Two methods to calculate the confidence interval for number needed to treat yield different results

Question

Assume that two drugs were tested. The risk of death for drug 1 is $p_1$ and the risk for drug 2 is $p_2$. We define:

1. Risk difference (RD) $RD=p_1-p_2$
2. The number needed to treat (NNT) $NNT=1/|RD|$

If we know the estimated RD as RD* and its standard error as se(RD*), what is the 95% CI for NNT? I can think of two methods for solving this problem. Which one is correct and why?

1. We first construct the 95% CI for RD, and then obtain 95% CI for NNT by inverting the CI for RD, that is:

   step 1: 95% CI for RD: $RD^* \pm 1.96* se(RD^*)$
   step 2: 95% CI for NNT: $1/(RD^* \pm 1.96* se(RD^*))$
   result: $(7.5, 149)$

2. We first derive se(NNT*) from se(RD*） by the Delta method, and then calculate the 95% CI for NNT by:

   step 1: $se(NNT^*)= se(RD^*)~|~d(NNT^*)/d(RD^*))$
   step 2: $NNT^* \pm 1.96* se(NNT^*)$
   result: $(1.38, 27.07)$

Obviously the two results are quite different. What is the problem in these two methods?

Answer 1

(This isn't the whole answer, I might update later)

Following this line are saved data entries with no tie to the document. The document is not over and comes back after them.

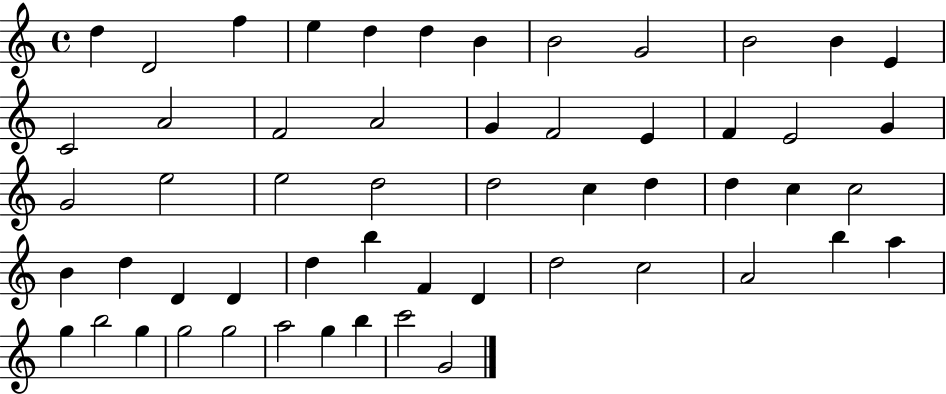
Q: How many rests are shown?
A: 0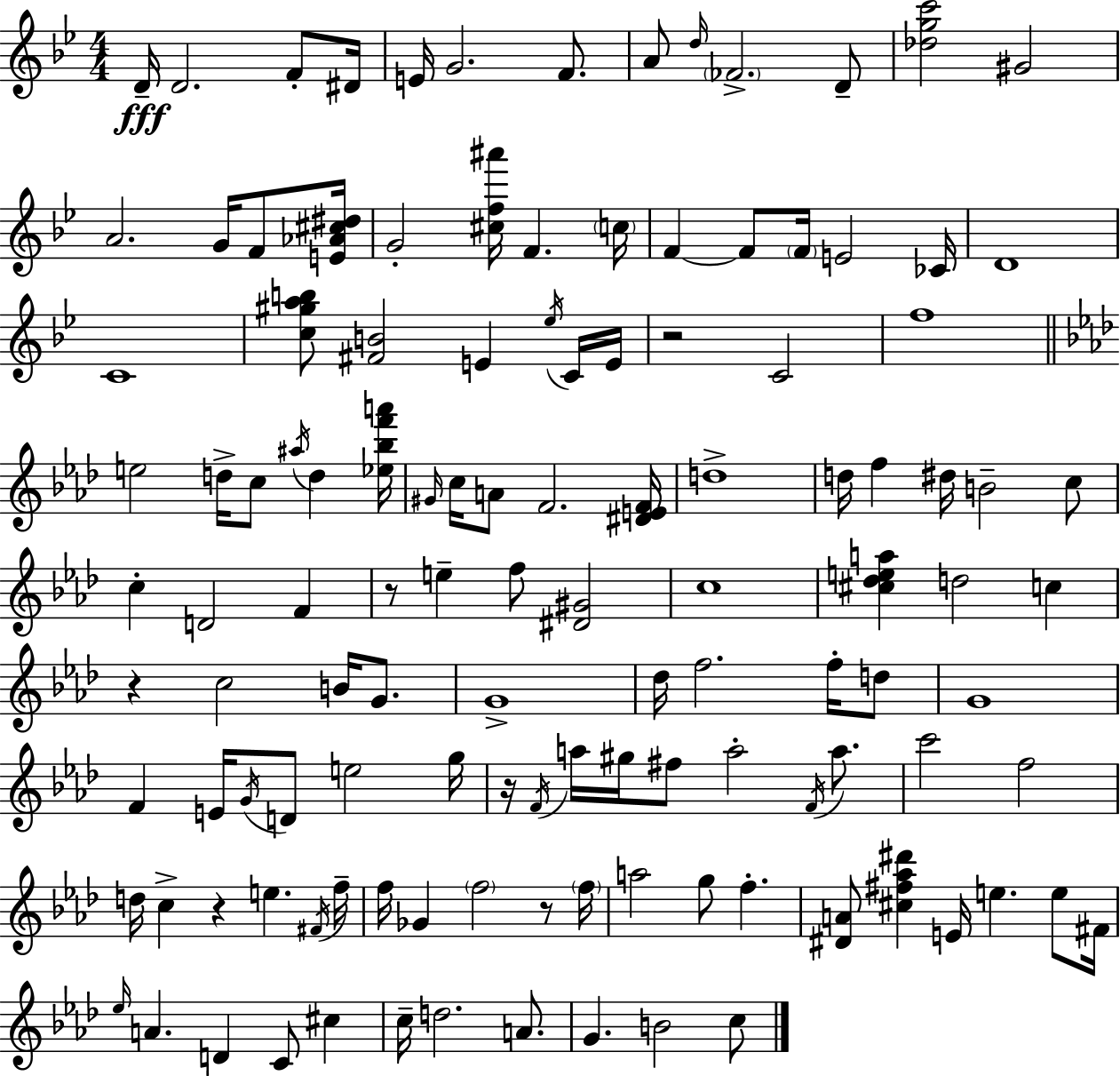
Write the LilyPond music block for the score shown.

{
  \clef treble
  \numericTimeSignature
  \time 4/4
  \key g \minor
  d'16--\fff d'2. f'8-. dis'16 | e'16 g'2. f'8. | a'8 \grace { d''16 } \parenthesize fes'2.-> d'8-- | <des'' g'' c'''>2 gis'2 | \break a'2. g'16 f'8 | <e' aes' cis'' dis''>16 g'2-. <cis'' f'' ais'''>16 f'4. | \parenthesize c''16 f'4~~ f'8 \parenthesize f'16 e'2 | ces'16 d'1 | \break c'1 | <c'' gis'' a'' b''>8 <fis' b'>2 e'4 \acciaccatura { ees''16 } | c'16 e'16 r2 c'2 | f''1 | \break \bar "||" \break \key aes \major e''2 d''16-> c''8 \acciaccatura { ais''16 } d''4 | <ees'' bes'' f''' a'''>16 \grace { gis'16 } c''16 a'8 f'2. | <dis' e' f'>16 d''1-> | d''16 f''4 dis''16 b'2-- | \break c''8 c''4-. d'2 f'4 | r8 e''4-- f''8 <dis' gis'>2 | c''1 | <cis'' des'' e'' a''>4 d''2 c''4 | \break r4 c''2 b'16 g'8. | g'1-> | des''16 f''2. f''16-. | d''8 g'1 | \break f'4 e'16 \acciaccatura { g'16 } d'8 e''2 | g''16 r16 \acciaccatura { f'16 } a''16 gis''16 fis''8 a''2-. | \acciaccatura { f'16 } a''8. c'''2 f''2 | d''16 c''4-> r4 e''4. | \break \acciaccatura { fis'16 } f''16-- f''16 ges'4 \parenthesize f''2 | r8 \parenthesize f''16 a''2 g''8 | f''4.-. <dis' a'>8 <cis'' fis'' aes'' dis'''>4 e'16 e''4. | e''8 fis'16 \grace { ees''16 } a'4. d'4 | \break c'8 cis''4 c''16-- d''2. | a'8. g'4. b'2 | c''8 \bar "|."
}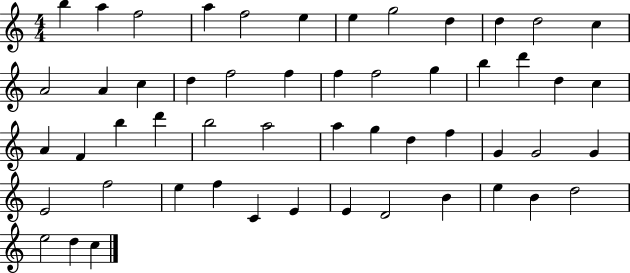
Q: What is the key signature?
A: C major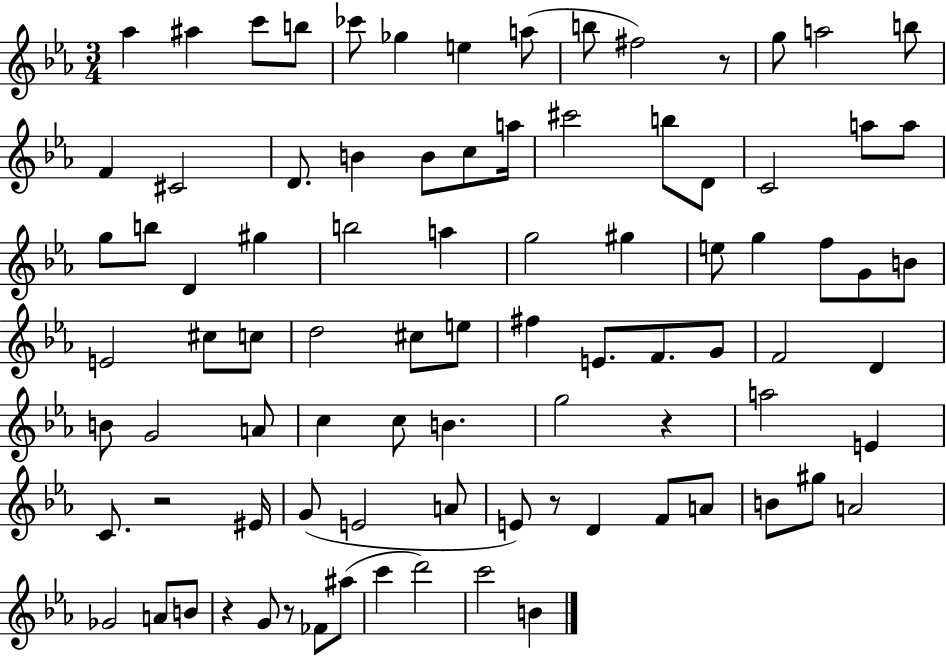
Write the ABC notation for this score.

X:1
T:Untitled
M:3/4
L:1/4
K:Eb
_a ^a c'/2 b/2 _c'/2 _g e a/2 b/2 ^f2 z/2 g/2 a2 b/2 F ^C2 D/2 B B/2 c/2 a/4 ^c'2 b/2 D/2 C2 a/2 a/2 g/2 b/2 D ^g b2 a g2 ^g e/2 g f/2 G/2 B/2 E2 ^c/2 c/2 d2 ^c/2 e/2 ^f E/2 F/2 G/2 F2 D B/2 G2 A/2 c c/2 B g2 z a2 E C/2 z2 ^E/4 G/2 E2 A/2 E/2 z/2 D F/2 A/2 B/2 ^g/2 A2 _G2 A/2 B/2 z G/2 z/2 _F/2 ^a/2 c' d'2 c'2 B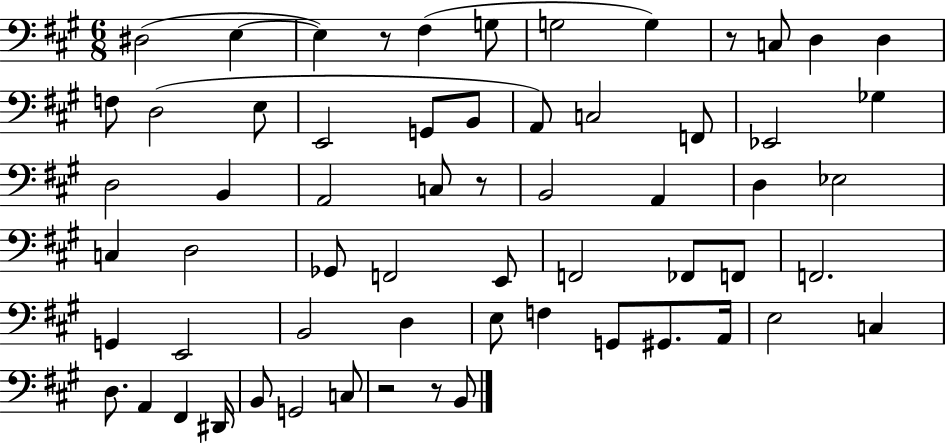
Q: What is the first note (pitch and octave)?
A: D#3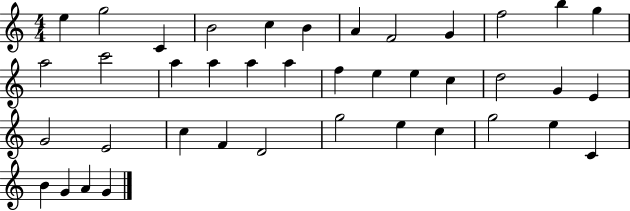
{
  \clef treble
  \numericTimeSignature
  \time 4/4
  \key c \major
  e''4 g''2 c'4 | b'2 c''4 b'4 | a'4 f'2 g'4 | f''2 b''4 g''4 | \break a''2 c'''2 | a''4 a''4 a''4 a''4 | f''4 e''4 e''4 c''4 | d''2 g'4 e'4 | \break g'2 e'2 | c''4 f'4 d'2 | g''2 e''4 c''4 | g''2 e''4 c'4 | \break b'4 g'4 a'4 g'4 | \bar "|."
}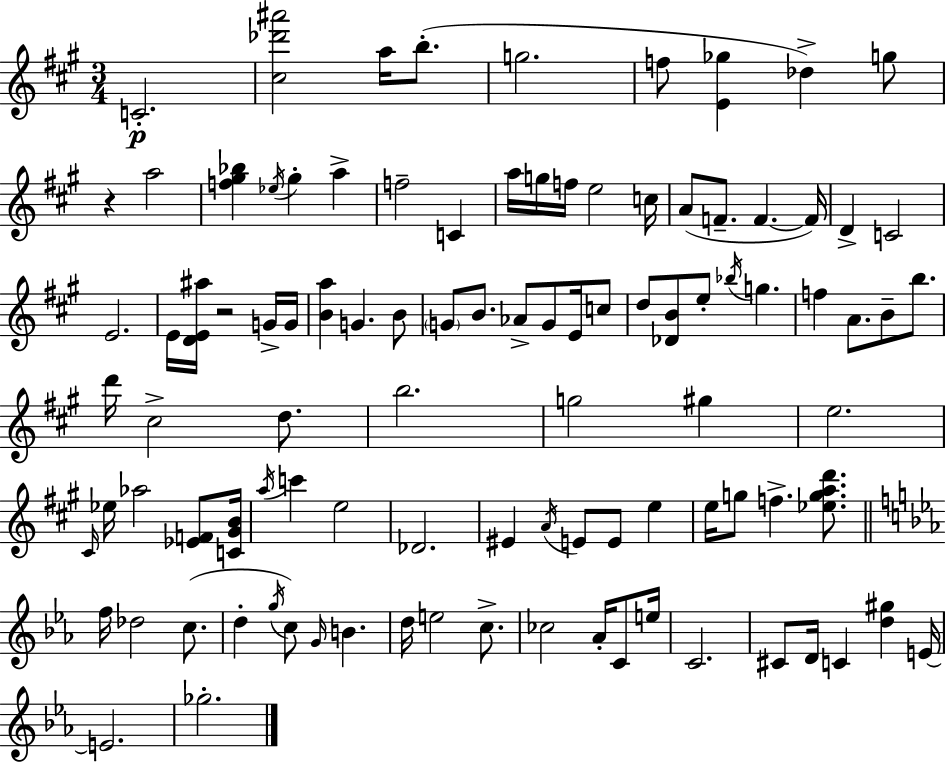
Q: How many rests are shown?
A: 2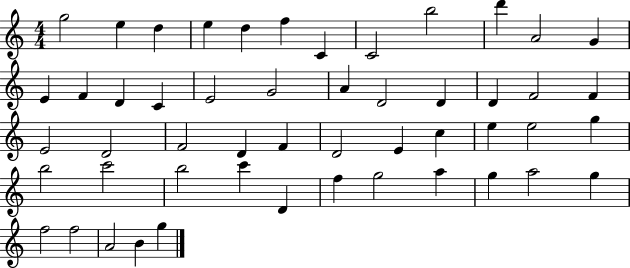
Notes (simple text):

G5/h E5/q D5/q E5/q D5/q F5/q C4/q C4/h B5/h D6/q A4/h G4/q E4/q F4/q D4/q C4/q E4/h G4/h A4/q D4/h D4/q D4/q F4/h F4/q E4/h D4/h F4/h D4/q F4/q D4/h E4/q C5/q E5/q E5/h G5/q B5/h C6/h B5/h C6/q D4/q F5/q G5/h A5/q G5/q A5/h G5/q F5/h F5/h A4/h B4/q G5/q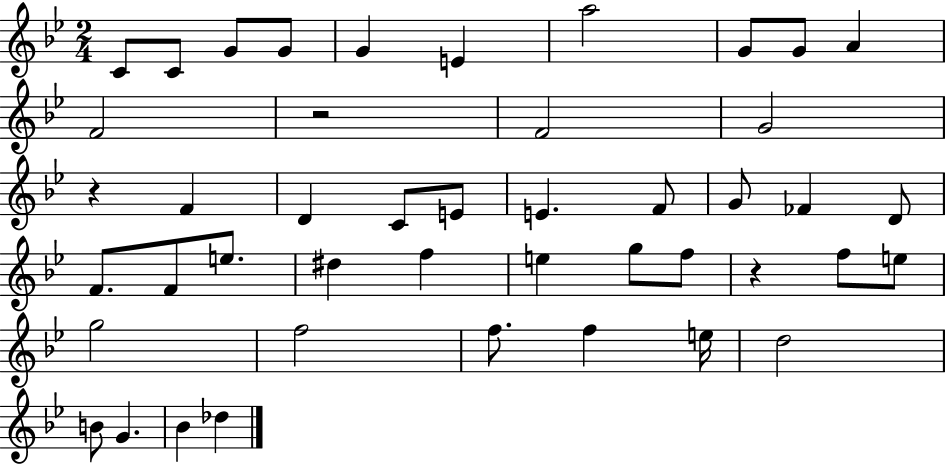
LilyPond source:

{
  \clef treble
  \numericTimeSignature
  \time 2/4
  \key bes \major
  c'8 c'8 g'8 g'8 | g'4 e'4 | a''2 | g'8 g'8 a'4 | \break f'2 | r2 | f'2 | g'2 | \break r4 f'4 | d'4 c'8 e'8 | e'4. f'8 | g'8 fes'4 d'8 | \break f'8. f'8 e''8. | dis''4 f''4 | e''4 g''8 f''8 | r4 f''8 e''8 | \break g''2 | f''2 | f''8. f''4 e''16 | d''2 | \break b'8 g'4. | bes'4 des''4 | \bar "|."
}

NNT is a transform of RD. It's distribution has a different shape. You're calculating CI's based on an assumption of normal distribution (thus the z-score for calculation). If one of those distributions is normal only one is, NNT, or RD, not both (my guess, if one, NNT). In general, with transformed values, if one distribution is normal then you can calculate the CI as you have on that distribution and then transform afterwards. Distributions other than normal need their own CI calc methods. And therefore, at least one of the method you've used is the wrong one for calculating the CI.